NURS 7011 : Role Of Nurse Leader
Question:
Using the Epidemiologic Triangle concept, consider the relationship among causal agents, susceptible persons, and environmental factors. Then, respond to the following:
As a BSN-prepared community health nurse, what steps should Debbie take next?
Considering economic and social considerations within the community, what are the primary, secondary, and tertiary interventions that Debbie might use in managing this outbreak?
Can similar interventions be applied to your community and its TB prevalence?
What considerations need to be addressed within your community that are different form Debbie’s community?
Answer:
Response to post:
Incidence and prevalence of TB in community
The incidence of tuberculosis (TB) has been higher within various boroughs in the province of New Jersey. The rates have been considerably higher within certain sections of the society such as the Asian and Hispanic people. The rates have been 146 per 100,000 people in the Asian community itself. Moreover the rate of TB cases has been seen to be higher in the foreign born people compared to the nationals (Tucker et al., 2017). Therefore, the Hudson borough of New Jersey has relatively higher number of cases of tuberculosis compared to the Mercer region.
Relationship among environmental factors, casual agents and susceptible persons
The epidemiologic triangle could be used to draw a relationship between the casual agents of a disease, the environmental factors which contributes towards development of the disease and the prevalent health conditions of the person.
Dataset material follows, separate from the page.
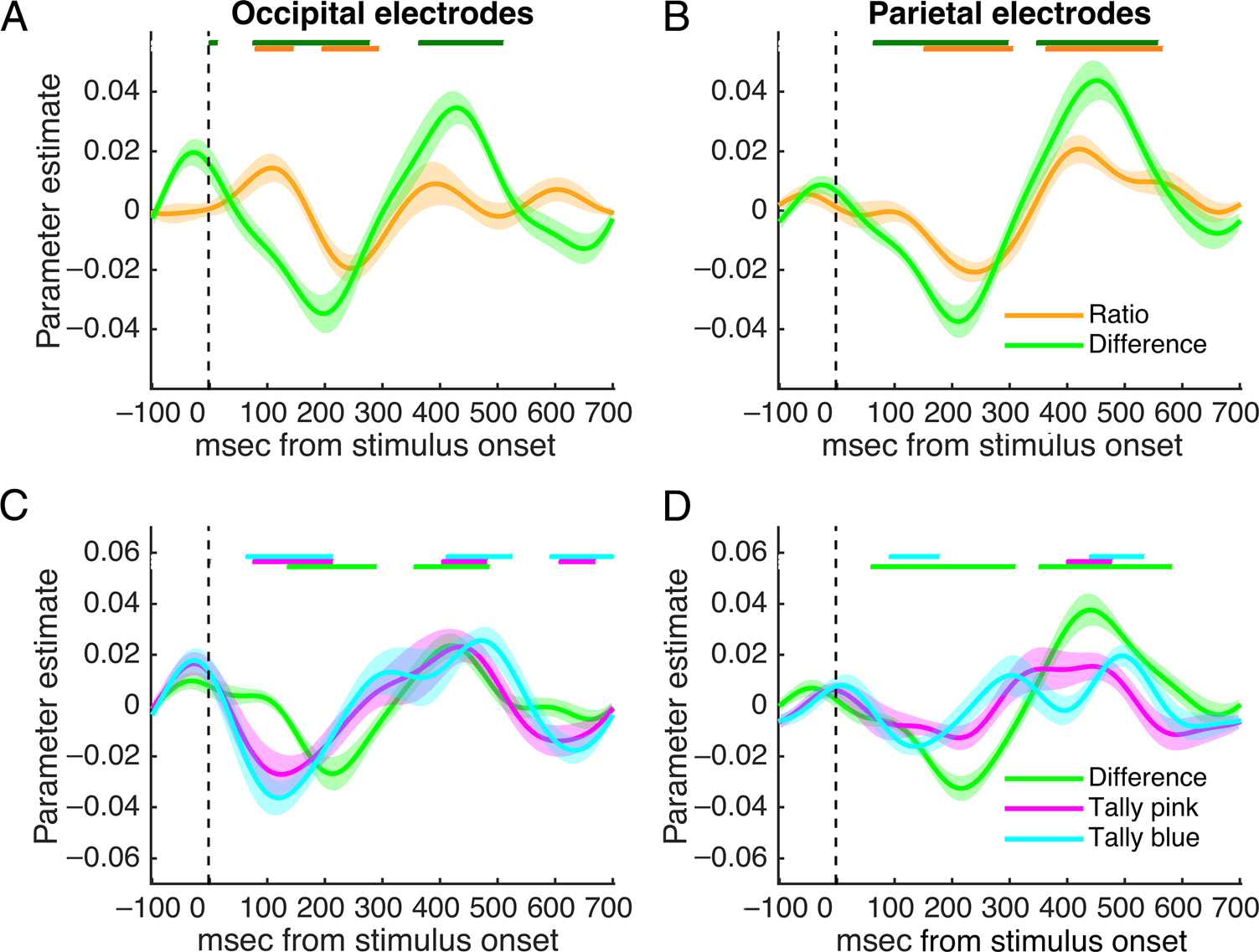 Near-optimal Integration of Magnitude image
The causative agent for tuberculosis is a bacterium named Mycobacterium tuberculosis. The bacteria infect the lungs and spreads to other body parts. TB is a contagious disease and mainly spreads though air. The persons susceptible to the infection are the ones living in near vicinity to the patients contracted with TB (Graham, 2016). Additionally, closed and damp places have been seen to increase the chances of contraction of TB by increasing the chances of exposure to the causative agent (Chitnis, Robsky, Schecter, Westenhouse & Barry, 2015). The lowered immunity can also act as a contributing factor.
Primary, secondary and tertiary interventions in breaking the outbreak of tuberculosis
The primary line of prevention which could be applied by the nurse Debby is provision of BCG vaccination to the patients. The secondary intervention which could be applied over here are identification of the person who have developed TB through screening methods such as Tuberculin skin test (TST) along with administration of Directly observed therapy (DOT) (Vaghela et al., 2015). The tertiary line of defence which could be applied by the nurse Debby are tretatemnt of active TB through administration of drugs such as rifampin and isoniazid.
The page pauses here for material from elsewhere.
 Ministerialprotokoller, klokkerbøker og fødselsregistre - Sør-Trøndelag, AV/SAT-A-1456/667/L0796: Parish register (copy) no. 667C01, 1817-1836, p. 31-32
Consideration to be applied within own community
In comparison to the mercer region the rates have been comparatively high in the Hudson region. Hence, some of the possible loopholes which have been identified over here are lack of effective screening procedures and vaccination programs.
References:
Chitnis, A. S., Robsky, K., Schecter, G. F., Westenhouse, J., & Barry, P. M. (2015). Trends in tuberculosis cases among nursing home residents, California, 2000 to 2009. Journal of the American Geriatrics Society, 63(6), 1098-1104.
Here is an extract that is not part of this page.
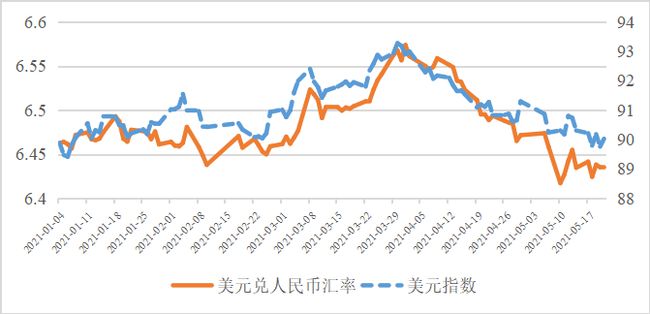 美金兑换人民币汇率是多少、美金兑换人民币汇率是多少现在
Graham, S. (2016). The Union’s Desk Guide for the Diagnosis and Management of TB in Children.
Tucker, A., Mithoo, J., Cleary, P., Woodhead, M., MacPherson, P., Wingfield, T., … & Squire, S. B. (2017). Quantifying the need for enhanced case management for TB patients as part of TB cohort audit in the North West of England: a descriptive study. BMC public health, 17(1), 881.
Vaghela, J. F., Kapoor, S. K., Kumar, A., Dass, R. T., Khanna, A., & Bhatnagar, A. K. (2015). Home based care to multi-drug resistant tuberculosis patients: a pilot study. Indian Journal of Tuberculosis, 62(2), 91-96.